- You can always tell when someone is authentic and when they’re insincere.
- Sometimes you are totally unaware of your surroundings; your outer world can be in complete chaos, but you don’t notice until someone or something finally attracts your attention. (ex. a loud crash)
- If there are feelings of sadness, anxiety, or anger in the room, you can immediately feel it—no matter how large the room. (or how great a number of people)
- When talking to people, you can immediately see past what they’re saying, and discern what they mean.
- Hidden agendas are rarely (or never) hidden from you.
- Both praise and criticism affect you the same way; you become embarrassed by the unsought attention.
- It’s easy for you to uncover the insecurities and weaknesses of other people, and you can play on them whenever you feel attacked or cornered.
- When you like someone, you become attached instantly and scare them off. (This occurs more in romantic relationships than friendships)
- When someone betrays you, you forgive easily but are perfectly fine with never speaking to them again. (And you usually don’t)
- Sometimes you withhold your true feelings and opinions from someone because you want to ‘protect’ them.
- You hate conflict, and avoid it at all costs.
- You comfortably slip into the role of mediator when others are in conflict because you can easily empathize with both sides. (See previous)
- Once you’ve identified someone as insincere, it is difficult for you to take anything they say seriously—and you usually avoid talking to them altogether because their superficiality is off-putting.
- You’re an open book.

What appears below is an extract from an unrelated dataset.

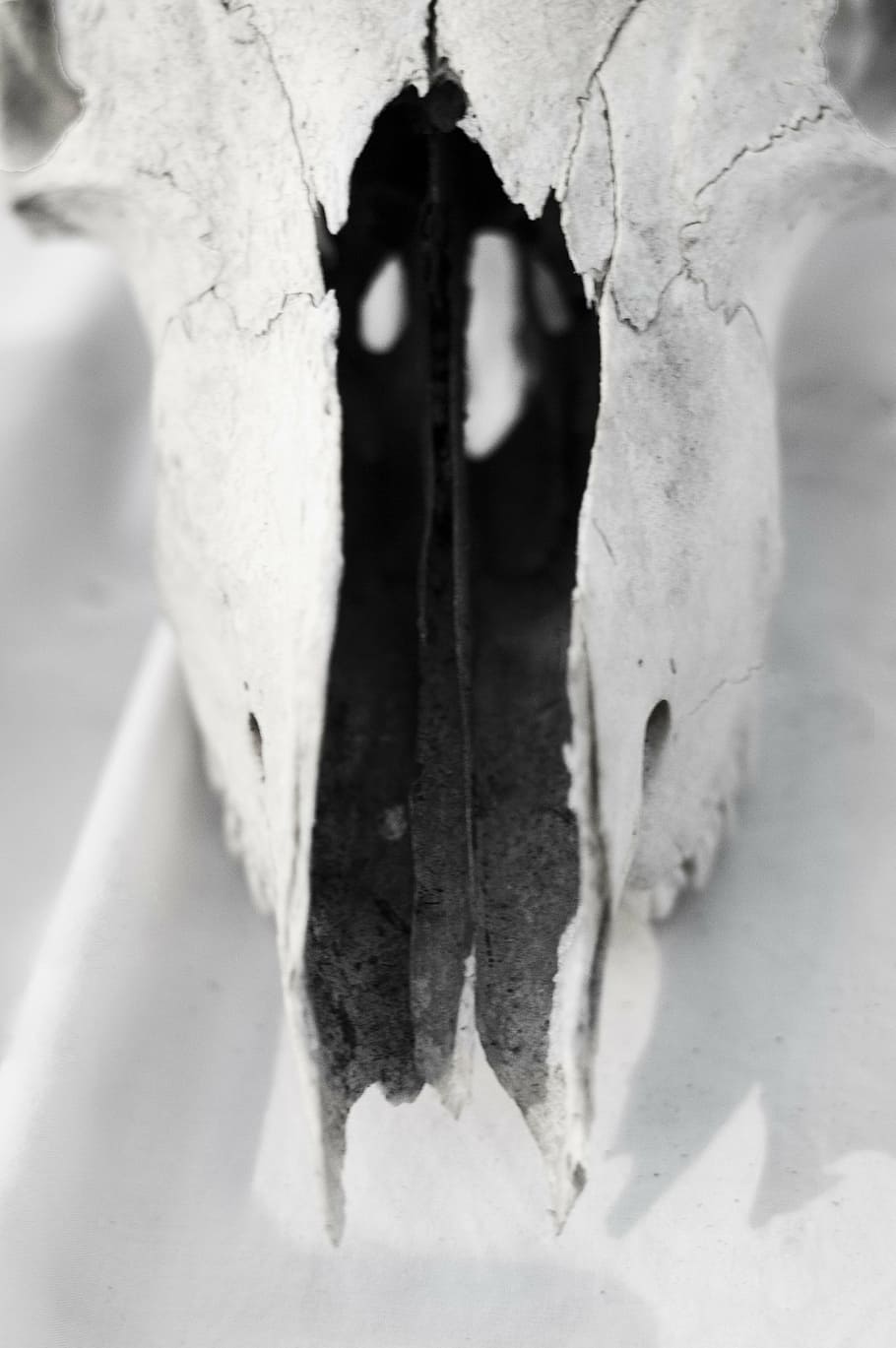 grayscale photography of animal skull, carcass, bones, chipped, HD wallpaper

If you like someone, they know it; if you don’t like someone, they know it.
- It is difficult for you to hide your feelings, and you spend a lot of time biting your tongue when something or someone upsets you. (Thankfully, that changes as you get older and your less dominant functions develop; by then you’ve gotten over your need to please others and will speak up when something is wrong)
- You’re overly concerned with how you appear to others and what they think of you. (Again, this changes when introverted thinking becomes more pronounced—you won’t care at all then.)

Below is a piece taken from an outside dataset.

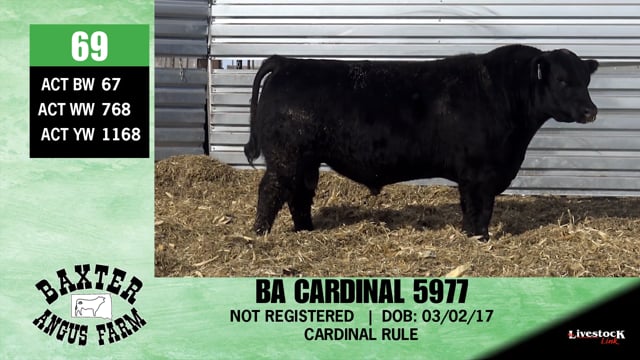 Lot #69 - BA CARDINAL 5977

- You’re more idealistic than realistic.
- Silence is rarely uncomfortable to you.
- You feel the need to “fix” every-one’s problems.
- You place your needs aside to help others, and they are more than happy to take advantage of that.
- If you are a spiritual person, you notice that your intuition becomes stronger as you grow spiritually.
- You’re excellent at making observations about others that they didn’t think anyone else noticed. (The usual response is dead silence)
- Complete strangers confide their deepest secrets to you because you ‘seem like a nice person’ and you listen without judgment.